### Exercise data
####################

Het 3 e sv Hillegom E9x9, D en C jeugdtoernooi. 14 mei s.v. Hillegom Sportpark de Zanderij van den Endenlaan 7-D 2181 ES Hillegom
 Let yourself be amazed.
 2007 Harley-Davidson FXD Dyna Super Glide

####################

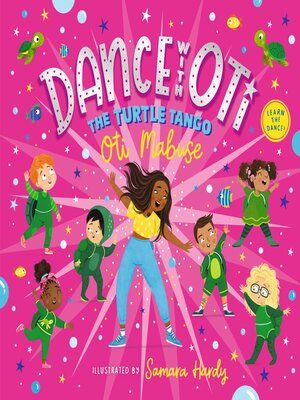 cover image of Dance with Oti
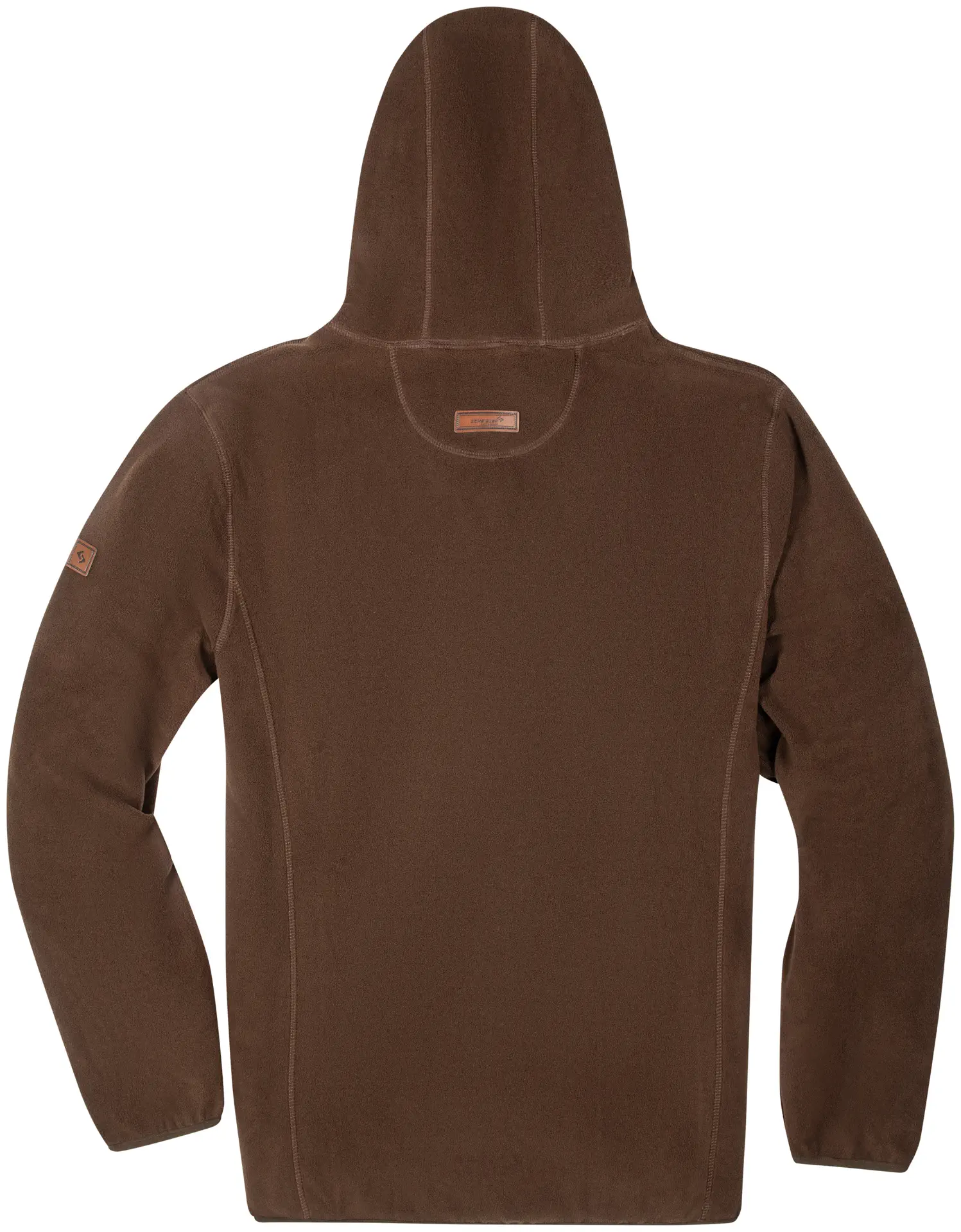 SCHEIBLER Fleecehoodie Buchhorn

####################

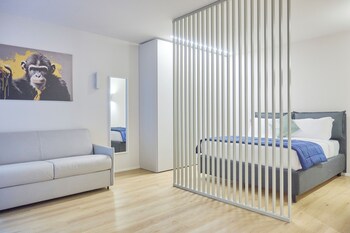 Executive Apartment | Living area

####################

### Exercise prompt
Return, with no change at all, every line in the entries above from the line containing "Let yourself be amazed." through the line containing "2007 Harley-Davidson FXD Dyna Super Glide".

### Result below
 Let yourself be amazed.
 2007 Harley-Davidson FXD Dyna Super Glide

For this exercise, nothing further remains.